Respect This is an important aspect of golf. You need to show up, on time, dressed appropriately. When the other player is playing, you stand still, out of their line of sight, and you do not chat while they address the ball. You do not keep the players behind you waiting, you repair your pitch mark and your divot holes. All common sense really, but it’s vital a framework of respect is in place to enable the game to be played in the right spirit.

You do the same in business, you respect your customer and employees, and show respect to the society you do business in.  Operating without this virtue is a sure way to lose business from customers, loyalty of staff, and your brand reputation.

Innovation I have seen Rory Mcilroy shape shots that are amazing, I’ve tried to replicate them in my back garden to no avail, threatening the sheep stood watching with interest as the little white ball shoots in a random direction. McIlroy, faced with a certain set of conditions, and knowing the course and having trust in his skills, repeatedly comes up with shots that have a high degree of consistency in their execution, yet are unique.

In business, innovation and creativity is vital, doing more of the same will lead you nowhere, you will fall behind and lose customers.  Changes in the environment require lots of innovation.

So three weeks and three lessons into golf, I’ve adopted a share-listen-reflect-learn approach to acquiring new skills and knowledge. Pink’s motivation trietica applies – autonomy, mastery and purpose – so does the maxim if at first you don’t succeed, try, try again.

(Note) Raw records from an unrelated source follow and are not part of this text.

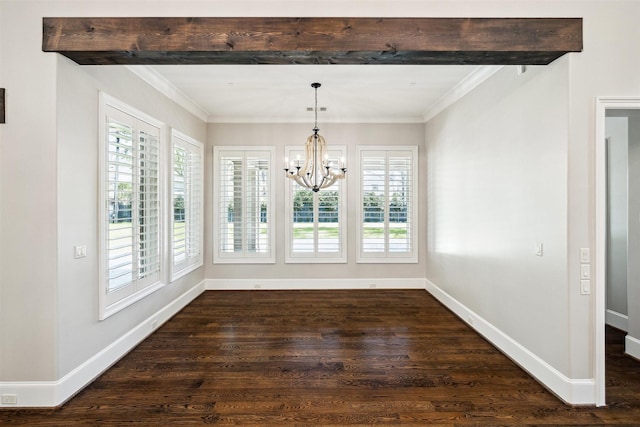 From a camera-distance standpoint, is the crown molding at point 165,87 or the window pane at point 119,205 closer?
the window pane at point 119,205

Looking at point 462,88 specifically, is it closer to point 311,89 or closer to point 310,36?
point 311,89

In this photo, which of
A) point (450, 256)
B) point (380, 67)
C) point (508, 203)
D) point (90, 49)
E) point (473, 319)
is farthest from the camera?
point (450, 256)

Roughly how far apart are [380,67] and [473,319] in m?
3.22

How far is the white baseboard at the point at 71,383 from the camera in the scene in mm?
2453

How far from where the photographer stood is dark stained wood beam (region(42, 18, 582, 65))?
2426 millimetres

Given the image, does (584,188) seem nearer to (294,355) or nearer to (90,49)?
(294,355)

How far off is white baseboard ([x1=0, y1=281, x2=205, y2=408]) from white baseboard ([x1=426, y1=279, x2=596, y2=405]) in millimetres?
3899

My drive is to continually seek to achieve a ‘Personal Best’, adopting the personal life motto of explorer Ernest Shackleton – reach beyond your expectations – and make it happen where it matters most, inside.

But, it’s just golf, deceptively simple but endlessly complicated. I know it’s really played on a five and half inch course, the space between my ears. After all, it’s not how good you are that matters, but how good you want to be.